Stress relieving and Normalising

Stress relieving is applied to both ferrous and non-ferrous alloys and is intended to remove internal residual stresses generated by prior manufacturing processes such as machining, cold rolling and welding. Without it, subsequent processing may give rise to unacceptable distortion and/or the material can suffer from service problems such as stress corrosion cracking. The treatment is not intended to produce significant changes in material structures or mechanical properties, and is therefore normally restricted to relatively low temperatures.

Carbon steels and alloy steels can be given two forms of stress relief:

1. Treatment at typically 150-200°C relieves peak stresses after hardening without significantly reducing hardness (e.g. case-hardened components, bearings, etc.):
   
2. Treatment at typically 600-680°C (e.g. after welding, machining etc.) provides virtually complete stress relief.

Non-ferrous alloys are stress relieved at a wide variety of temperatures related to alloy type and condition. Alloys that have been age-hardened are restricted to stress relieving temperatures below the ageing temperature.
Austenitic stainless steels are stress relieved below 480°C or above 900°C, temperatures in between reducing corrosion resistance in grades that are not stabilised or low-carbon. Treatments above 900°C are often full solution anneals.

Normalising
Applied to some, but not all, engineering steels, normalising can soften, harden or stress relieve a material, depending on its initial state. The objective of the treatment is to counter the effects of prior processes, such as casting, forging or rolling, by refining the existing non-uniform structure into one which enhances machinability/formability or, in certain product forms, meets final mechanical property requirements.

A primary purpose is to condition a steel so that, after subsequent shaping, a component responds satisfactorily to a hardening operation (e.g. aiding dimensional stability).

Normalising consists of heating a suitable steel to a temperature typically in the range 830-950°C (at or above the hardening temperature of hardening steels, or above the carburising temperature for carburising steels) and then cooling in air.

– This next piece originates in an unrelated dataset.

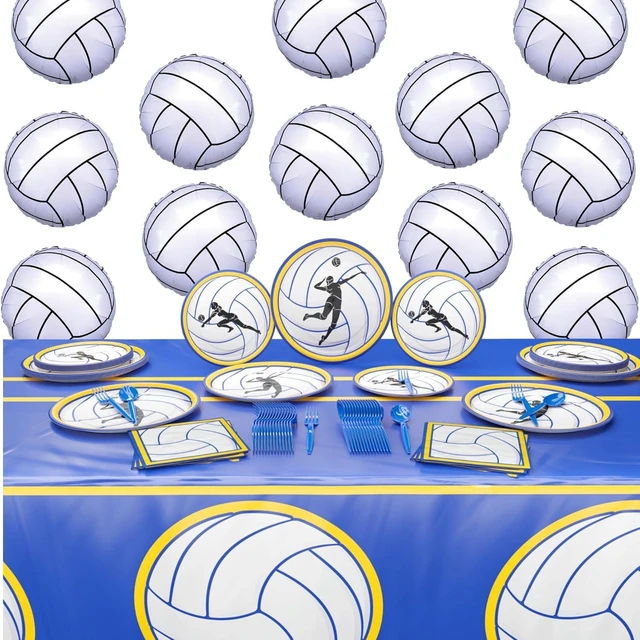 Alt view image 8 of 14 - Volleyball Deluxe Party Packs (112 Pieces for 16 Guests) - Volleyball Decorations, Sports Themed Birthday Party Supplies, Volleyball Plates and Napkins, Volleyball Party Decor, Blue Orchards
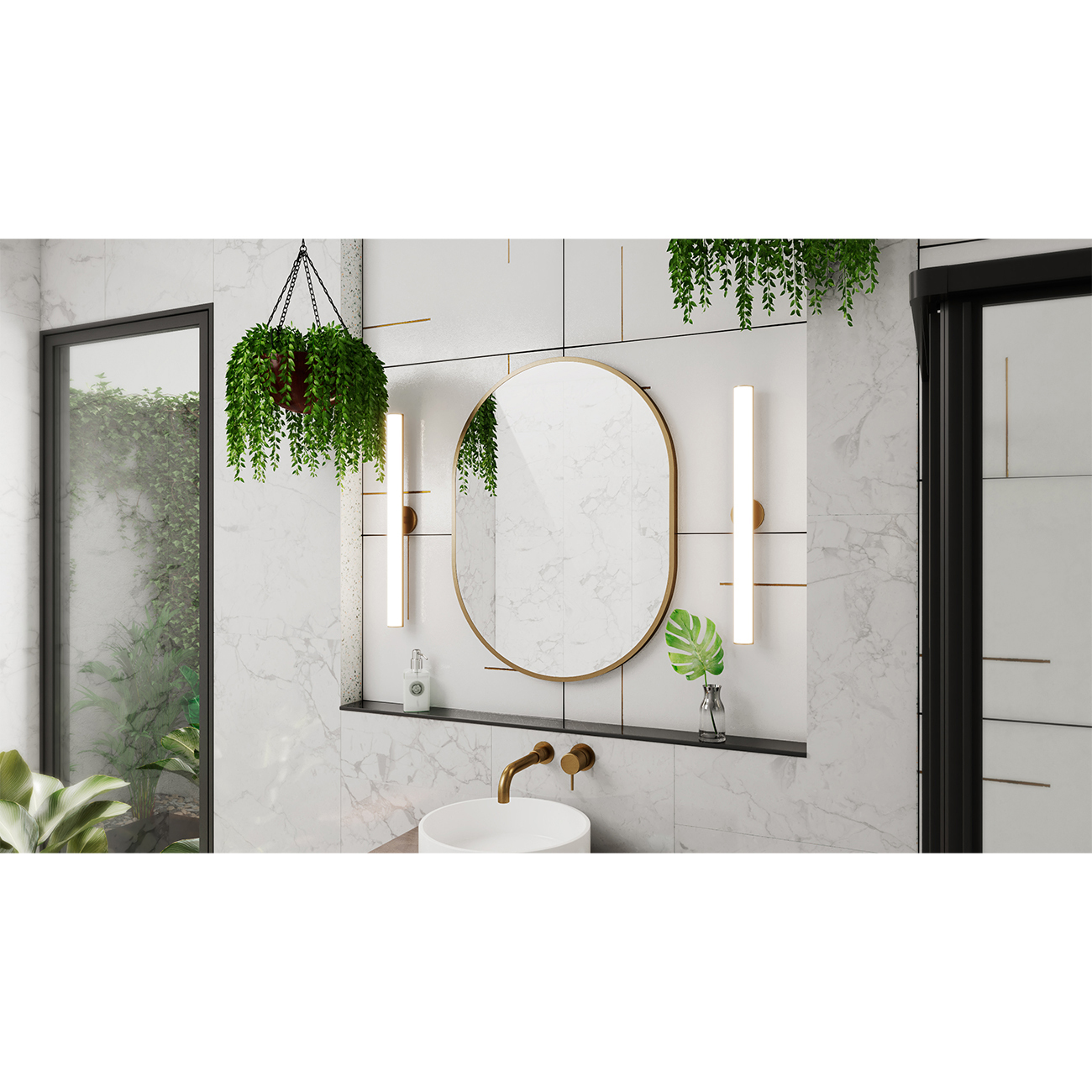 Prospero 32 inch H x 24 inch W Oval Hanging Mirror, Brushed Brass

Heating is usually carried out in air, so subsequent machining or surface finishing is required to remove scale or decarburised layers.

Air-hardening steels (e.g. some automotive gear steels) are often "tempered" (subcritically annealed) after normalising to soften the structure and/or promote machinability. Many aircraft specifications also call for this combination of treatments. Steels that are not usually normalised are those which would harden significantly during air cooling (e.g. many tool steels), or those which gain no structural benefit or produce inappropriate structures or mechanical properties (e.g. the stainless steels).

What Are The Benefits?
Stress relieving, normalising and annealing all prepare metals and alloys for further processing or for the intended service conditions. They control the ability of materials to be machined with ease, perform without distortion in service, be formed without cracking or splitting, be subsequently hardened or carburised with minimal distortion, or to resist corrosive environments.

What Sort of Materials Can Be Treated?
All commercial alloys can be annealed and stress relieved. Normalising is restricted to certain steels for the reasons indicated above.

What Are the Limitations?

• Stress relieving of carbon or low-alloy steel fabrications is frequently the last heat treatment applied, so it must be ensured that the mechanical properties of the materials treated will not be adversely affected.
  
• Stress relieving between machining operations can be performed on pre-treated material. The stress relieving effectiveness may have to be reduced to prevent loss of mechanical properties.
  
• Many austenitic stainless steels require fast cooling after high-temperature stress relief or solution annealing. A degree of distortion or reintroduction of residual stresses is inevitable in such cases.
  
• The size and shape of items that can be stress relieved, annealed or normalised depends on the type of equipment operated by the heat treater. For large items, check the availability of suitably-sized facilities at an early stage.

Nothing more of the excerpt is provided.